Linda van den Brink wrote:
> 
> Ronald Bourret wrote:
> > My point is that comprehensibility is critical, and that the
> > lack of it
> > is affecting things that are critical to them, such as reader input,
> > implementation experience, and rapid acceptance.
> 
> What I'm interested in knowing, is how sure are we that the w3c (schema and
> other?) specs are not comprehensible enough, and that implementation
> experience and rapid acceptance are being affected. Is it just a hunch we
> have? A general feeling among people on this list? What's the w3c's view on
> this?

I was disappointed that there was almost no comment on this in the Last
Call 
comments.  But please, in advance, can people be really careful not to
attack
either the W3C as some big evil giant forcing fat standards on you or
the
XML Schema WG (and editors) as people who don't care about careful and
systematic exposition to the target readership, to the best of their
abilities.


> If the XML-DEV community is convinced that Ronald Bourret has a point, then
> shouldn't we find out how right this conviction is and decide on possible
> further action?

Yes please.

I'll tell you why I don't think it matters so much.  Many stakeholders
are 
very keen that there should be no subsets of XML Schemas: strict
validity should
not be a function of the processor but the document.   Nevertheless, I
suspect that people who just want a DTD or XDR replacement (e.g. the
people
who would find RELAX core attractive) may find XSLD overkill.  So I
expect
that someone will create a version of XML schemas using a different
namespace and the same names, but simplified down to an XDR/RELAX Core
level: Key constraints removed, simple type derivation removed, facets
removed, include/ignore/redefine removed, complex type derivation
removed,
xsi:null removed, form/block/final/abstract removed.

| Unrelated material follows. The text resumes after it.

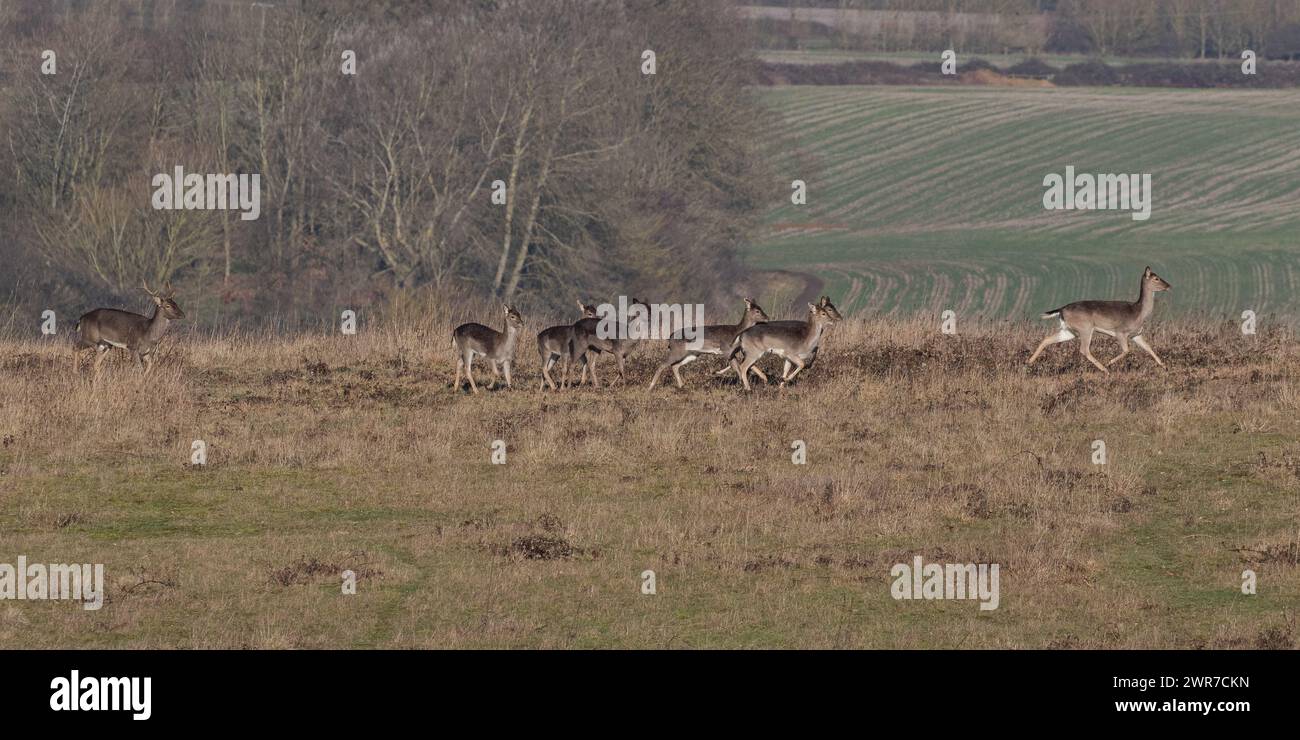 Una mandria di cervi a riposo (Dama dama) viene inseguita dal buck con palchi che corrono attraverso alcune praterie cespugliose tra i campi arabili del Suffolk, Regno Unito Foto Stock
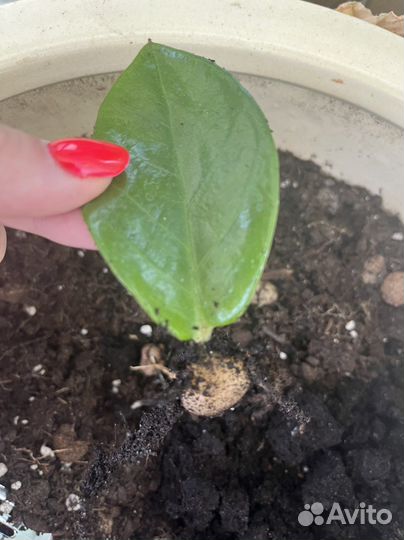 Замиокулькас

A schema in this language could be converted into an XML Schema by
changing the namespace. Documentation and specs for it could be pretty
simple and easy to express, both informally and formally.  Of course,
we already have XDR, SOX, RELAX core etc, so perhaps we don't need 
another DTD-in-XML+simple-datatyping  schema language...but it would
certainly be possible and, I think, attractive.  Such a language
could even serve as a training wheels version for XML Schemas.

I don't expect W3C to do this. But there is nothing stopping some
firebrand on
this list coming up with it (the XSLT transformation to XML Schema
namespace would surely be trivial).  Then you can just ignore all the
bits of XML Schemas you don't like.  (Indeed, it is possible that
you could use redefine to even maintain the same namespace, but I
don't think that is fair use, and would only muddy the waters.)